In the Future of Voice AI series of interviews, I ask three questions to my guests:
- What problems do you currently see in Enterprise Voice AI?
- How does your company solve these problems?
- What solutions do you envision in the next 5 years?This episode’s guest is Dylan Fox, Founder & CEO at AssemblyAI.
Dylan started AssemblyAI in 2017 inspired by the potential of new voice-powered products like the Amazon Alexa, as well as his experience working as a research engineer at Cisco on new AI products and features. He saw an opportunity to use new AI technology to make fundamental improvements in the way that computers can understand and extract value from voice data. AssemblyAI started in Y Combinator and has now grown into a Series C company with over $115 million in funding from notable investors like Accel, Insight Partners, and Smith Point Capital. Dylan lives in Brooklyn, NY.
AssemblyAI builds speech language models that serve as the foundational voice AI infrastructure for next-generation voice applications. Their models deliver industry-leading speech-to-text accuracy with superhuman speech understanding capabilities including speaker detection, summarization, PII redaction, and an LLM gateway — giving developers everything they need to build sophisticated voice AI products.
Universal-3 Pro, the first speech language model optimized specifically for voice AI, goes further with advanced prompting capabilities that let developers customize model behavior for their exact use case. With both async and real-time streaming support, AssemblyAI integrates directly into voice agents, AI assistants, medical scribes, real-time call analysis systems, and more. Tens of thousands of developers rely on AssemblyAI's models to power voice AI applications used by millions of end users every day.
Recap Video
Takeaways
Real-time is the new growth engine - the last ~18–20 months crossed a reliability threshold where voice use cases actually work.
The real barrier in real-time STT is not model quality, it’s running low-latency systems at massive scale without breaking.
Voice AI is quietly expanding beyond agents into robotics, consumer hardware, ambient listening, and medical scribes, which widens the market fast.
Streaming models will always be disadvantaged on “look-ahead,” so the core problem is making good calls with incomplete future context.
The old quality-vs-speed tradeoff is shrinking because hardware and model optimizations are closing the gap between streaming and batch.
The ‘98% accuracy’ claims are meaningless because benchmarks reward clean audio, not real phone chaos and edge cases.
The industry needs hard voice evals where models look bad on purpose (WER ~50%) because that’s closer to real conditions.
The bottleneck is not model quality, it’s operating low-latency voice systems at insane scale without falling over.
Pricing is used as a growth lever: $0.21 per hour, prorated by the second, with automatic volume discounts.
The “no reservations, no concurrency limits” promise is really a bet on infra superiority, not just model quality.
Dylan’s open-source take is blunt: managing your own AI infra is a tax that slows shipping and kills competitiveness.
Specialization beats multimodal generalists for reliability: a model trained 100% on STT tasks is less likely to go off the rails.

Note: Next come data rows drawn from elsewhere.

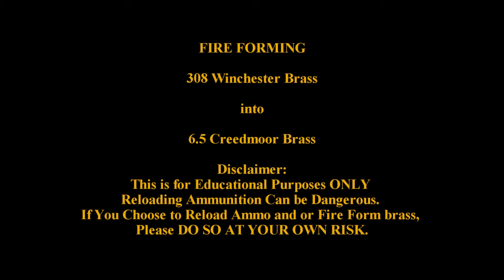How's it going Reloaders and Shooters? I know this project's been long overdue, but let's get this project going.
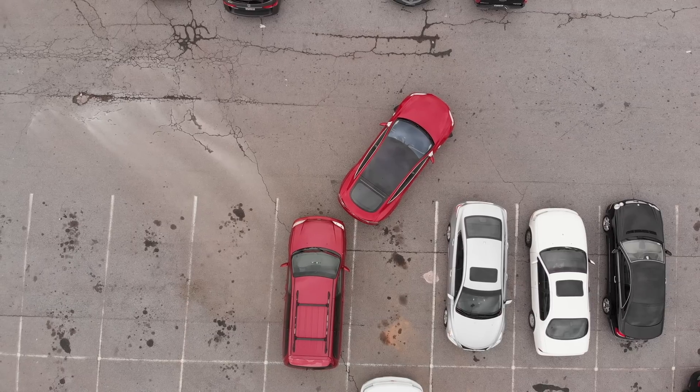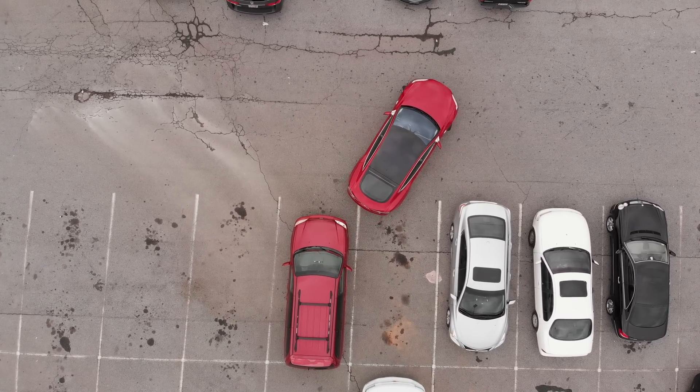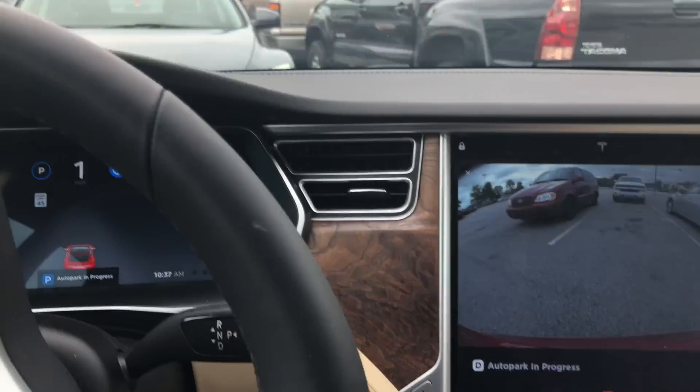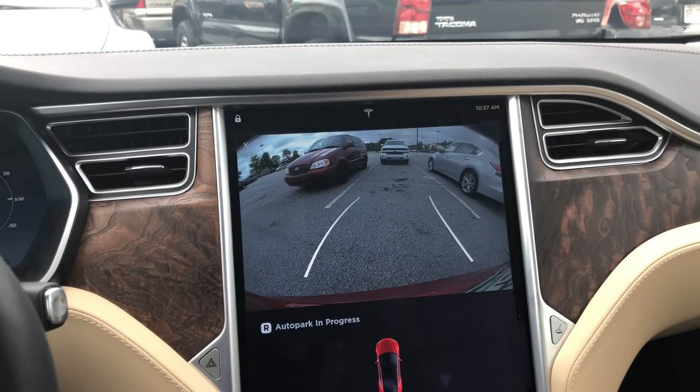It will pull forward now and begin to straighten out and park properly. There's a car also in front — it detects those sensors as well and says no, I can't go any further.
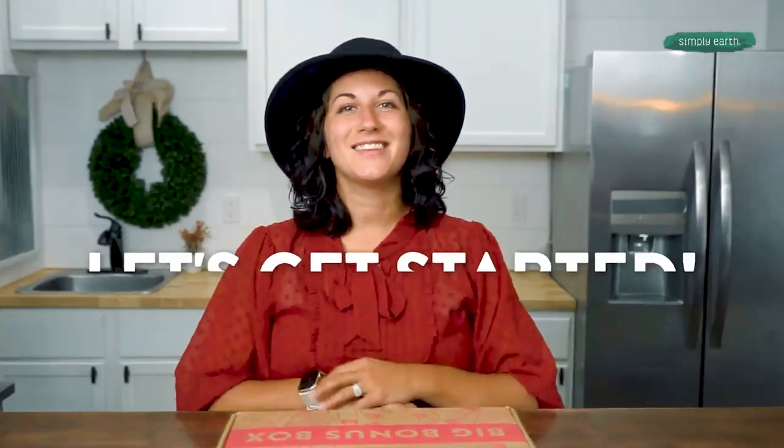Hi, I'm Shyla. I'm a certified aromatherapist and I love teaching people how to use essential oils. So turn off all your distractions because making is healing, so let's get started.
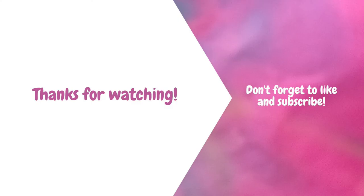Bye, don't forget to subscribe! Now I'm gonna go in the shower — yeah!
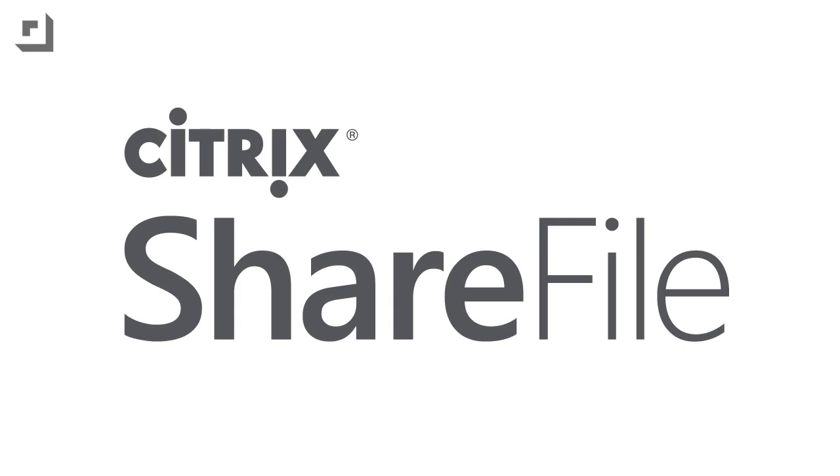This episode of Techzilla is sponsored by Citrix Sharefile. We got a ton of people asking about installing Linux on a Chromebook, so today we're going to show you how. Now that I've actually done this and discovered how easy it is, I'm seriously considering buying a Chromebook as my new Linux PC because it actually works, it's good at it, and it's nice and stable.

Massive training data scale, not a sudden architecture breakthrough, is the main reason accuracy jumped in the last 2–3 years.
Infrastructure is becoming the hidden moat: unlimited rate limits and no concurrency negotiations remove a major bottleneck for teams shipping voice products.
Real-world performance can move business metrics, like a 15–20% lift in voice agent booking conversions from better STT.
Dylan’s adoption forecast is aggressive: we are at the start of a 100x curve, which means today’s usage is the floor, not the peak.